- _Given records_
===

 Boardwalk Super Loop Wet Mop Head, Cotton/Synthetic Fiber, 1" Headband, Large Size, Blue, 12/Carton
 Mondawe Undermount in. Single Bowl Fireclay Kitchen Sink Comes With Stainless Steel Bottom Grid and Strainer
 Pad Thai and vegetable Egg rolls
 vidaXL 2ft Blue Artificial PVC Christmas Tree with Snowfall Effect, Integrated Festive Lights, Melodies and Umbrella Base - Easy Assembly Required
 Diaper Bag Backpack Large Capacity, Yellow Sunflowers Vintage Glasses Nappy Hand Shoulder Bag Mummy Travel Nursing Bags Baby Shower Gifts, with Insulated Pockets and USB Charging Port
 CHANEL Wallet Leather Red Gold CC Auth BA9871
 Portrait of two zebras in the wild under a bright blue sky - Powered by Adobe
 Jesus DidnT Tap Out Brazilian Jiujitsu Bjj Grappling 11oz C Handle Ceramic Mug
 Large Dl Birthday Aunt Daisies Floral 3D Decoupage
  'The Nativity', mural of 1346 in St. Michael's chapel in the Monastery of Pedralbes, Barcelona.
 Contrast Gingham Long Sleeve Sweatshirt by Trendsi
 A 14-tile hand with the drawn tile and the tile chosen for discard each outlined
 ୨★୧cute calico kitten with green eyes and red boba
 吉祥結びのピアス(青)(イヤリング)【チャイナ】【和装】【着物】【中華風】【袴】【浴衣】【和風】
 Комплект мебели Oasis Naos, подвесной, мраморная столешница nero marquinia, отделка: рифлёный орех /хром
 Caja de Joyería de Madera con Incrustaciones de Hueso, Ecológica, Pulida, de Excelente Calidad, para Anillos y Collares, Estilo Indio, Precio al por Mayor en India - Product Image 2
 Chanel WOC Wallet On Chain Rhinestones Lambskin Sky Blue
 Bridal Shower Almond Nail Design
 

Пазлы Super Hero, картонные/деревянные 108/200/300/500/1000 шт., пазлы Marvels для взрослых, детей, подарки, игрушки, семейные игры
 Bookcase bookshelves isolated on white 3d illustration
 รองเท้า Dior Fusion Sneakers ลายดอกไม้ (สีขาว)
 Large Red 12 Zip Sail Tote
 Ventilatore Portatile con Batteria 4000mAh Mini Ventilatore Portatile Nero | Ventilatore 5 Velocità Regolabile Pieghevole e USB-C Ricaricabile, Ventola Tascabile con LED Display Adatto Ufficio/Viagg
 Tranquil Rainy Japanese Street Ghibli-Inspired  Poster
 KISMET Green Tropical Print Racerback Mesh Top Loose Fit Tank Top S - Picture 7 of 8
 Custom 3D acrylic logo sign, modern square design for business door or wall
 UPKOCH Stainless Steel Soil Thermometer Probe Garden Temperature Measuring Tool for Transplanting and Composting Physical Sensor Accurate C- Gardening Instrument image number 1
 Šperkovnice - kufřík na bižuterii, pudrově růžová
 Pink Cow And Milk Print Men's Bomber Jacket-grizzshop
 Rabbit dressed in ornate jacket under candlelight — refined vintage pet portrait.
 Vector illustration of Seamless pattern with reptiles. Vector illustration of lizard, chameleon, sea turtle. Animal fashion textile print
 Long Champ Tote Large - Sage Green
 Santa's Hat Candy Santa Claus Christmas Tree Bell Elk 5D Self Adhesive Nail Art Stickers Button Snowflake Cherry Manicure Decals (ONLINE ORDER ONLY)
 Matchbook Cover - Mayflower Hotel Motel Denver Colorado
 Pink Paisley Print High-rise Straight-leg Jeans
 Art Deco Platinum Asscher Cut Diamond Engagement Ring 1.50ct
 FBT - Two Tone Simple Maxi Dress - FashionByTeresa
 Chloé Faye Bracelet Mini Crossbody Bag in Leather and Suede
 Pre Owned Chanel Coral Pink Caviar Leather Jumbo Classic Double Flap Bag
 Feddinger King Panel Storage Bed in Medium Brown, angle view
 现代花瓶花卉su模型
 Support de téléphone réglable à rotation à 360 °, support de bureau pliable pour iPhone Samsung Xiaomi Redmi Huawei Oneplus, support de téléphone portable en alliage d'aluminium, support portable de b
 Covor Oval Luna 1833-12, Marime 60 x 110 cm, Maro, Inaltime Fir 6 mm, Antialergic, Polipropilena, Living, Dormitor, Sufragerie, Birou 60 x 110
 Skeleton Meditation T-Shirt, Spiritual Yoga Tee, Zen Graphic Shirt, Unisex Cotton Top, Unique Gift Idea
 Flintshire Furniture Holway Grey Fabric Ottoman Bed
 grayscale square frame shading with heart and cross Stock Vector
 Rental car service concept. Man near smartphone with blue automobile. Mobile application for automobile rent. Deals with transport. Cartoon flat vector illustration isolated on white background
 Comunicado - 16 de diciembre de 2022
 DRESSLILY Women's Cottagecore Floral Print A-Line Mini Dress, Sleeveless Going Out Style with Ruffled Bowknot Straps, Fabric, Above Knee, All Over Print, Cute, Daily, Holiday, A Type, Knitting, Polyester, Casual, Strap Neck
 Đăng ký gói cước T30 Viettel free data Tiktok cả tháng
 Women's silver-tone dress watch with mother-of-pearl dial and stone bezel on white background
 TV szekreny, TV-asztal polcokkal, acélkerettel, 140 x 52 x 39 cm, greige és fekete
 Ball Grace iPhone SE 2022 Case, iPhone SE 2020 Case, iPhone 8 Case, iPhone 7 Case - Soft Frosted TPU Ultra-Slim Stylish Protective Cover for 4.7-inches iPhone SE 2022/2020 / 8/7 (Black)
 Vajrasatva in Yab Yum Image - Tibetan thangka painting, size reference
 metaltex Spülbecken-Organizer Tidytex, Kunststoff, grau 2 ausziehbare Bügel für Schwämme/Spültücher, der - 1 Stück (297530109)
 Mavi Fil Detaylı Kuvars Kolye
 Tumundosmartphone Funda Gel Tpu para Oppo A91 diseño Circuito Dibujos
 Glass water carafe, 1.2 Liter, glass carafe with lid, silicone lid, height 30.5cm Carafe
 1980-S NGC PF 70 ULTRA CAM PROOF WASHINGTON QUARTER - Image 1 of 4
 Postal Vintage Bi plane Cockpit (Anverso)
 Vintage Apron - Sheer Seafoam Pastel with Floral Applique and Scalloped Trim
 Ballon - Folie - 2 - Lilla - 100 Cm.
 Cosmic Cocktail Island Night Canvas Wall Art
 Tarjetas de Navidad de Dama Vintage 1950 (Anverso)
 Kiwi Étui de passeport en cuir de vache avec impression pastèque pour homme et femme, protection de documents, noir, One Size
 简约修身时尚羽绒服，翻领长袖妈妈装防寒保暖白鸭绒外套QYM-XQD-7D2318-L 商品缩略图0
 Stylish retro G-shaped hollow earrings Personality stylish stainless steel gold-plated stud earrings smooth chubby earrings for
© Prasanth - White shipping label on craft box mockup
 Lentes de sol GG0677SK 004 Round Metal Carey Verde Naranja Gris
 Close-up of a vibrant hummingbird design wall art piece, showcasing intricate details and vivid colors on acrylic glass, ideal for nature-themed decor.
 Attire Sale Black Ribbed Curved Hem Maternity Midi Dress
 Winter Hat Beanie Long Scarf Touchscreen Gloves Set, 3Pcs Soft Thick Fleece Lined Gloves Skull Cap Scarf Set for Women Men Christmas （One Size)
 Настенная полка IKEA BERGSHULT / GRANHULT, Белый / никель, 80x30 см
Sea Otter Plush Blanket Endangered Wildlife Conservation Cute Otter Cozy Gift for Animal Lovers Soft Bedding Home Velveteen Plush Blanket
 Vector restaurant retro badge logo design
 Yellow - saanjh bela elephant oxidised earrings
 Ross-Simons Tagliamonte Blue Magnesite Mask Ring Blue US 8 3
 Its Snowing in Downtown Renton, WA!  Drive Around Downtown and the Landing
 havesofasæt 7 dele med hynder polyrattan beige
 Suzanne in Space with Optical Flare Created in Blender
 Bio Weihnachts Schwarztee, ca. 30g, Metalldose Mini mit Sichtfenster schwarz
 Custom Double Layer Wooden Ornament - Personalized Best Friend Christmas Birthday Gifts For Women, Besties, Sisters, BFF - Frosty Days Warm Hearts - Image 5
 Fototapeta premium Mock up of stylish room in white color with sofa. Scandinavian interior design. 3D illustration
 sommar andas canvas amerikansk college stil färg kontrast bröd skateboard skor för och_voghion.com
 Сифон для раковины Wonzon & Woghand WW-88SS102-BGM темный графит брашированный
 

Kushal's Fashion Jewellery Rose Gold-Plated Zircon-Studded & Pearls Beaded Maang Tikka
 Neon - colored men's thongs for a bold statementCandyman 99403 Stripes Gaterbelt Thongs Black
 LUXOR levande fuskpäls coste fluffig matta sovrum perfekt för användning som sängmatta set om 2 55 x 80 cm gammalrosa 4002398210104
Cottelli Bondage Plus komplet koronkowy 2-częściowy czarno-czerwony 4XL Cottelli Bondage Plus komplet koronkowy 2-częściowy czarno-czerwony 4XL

===

- _What you are asked to do_
In the data above, start at the line that has "Tranquil Rainy Japanese", stop after the line that has "Custom 3D acrylic", and print every line in between exactly as it stands.

- _Answer area_
 Tranquil Rainy Japanese Street Ghibli-Inspired  Poster
 KISMET Green Tropical Print Racerback Mesh Top Loose Fit Tank Top S - Picture 7 of 8
 Custom 3D acrylic logo sign, modern square design for business door or wall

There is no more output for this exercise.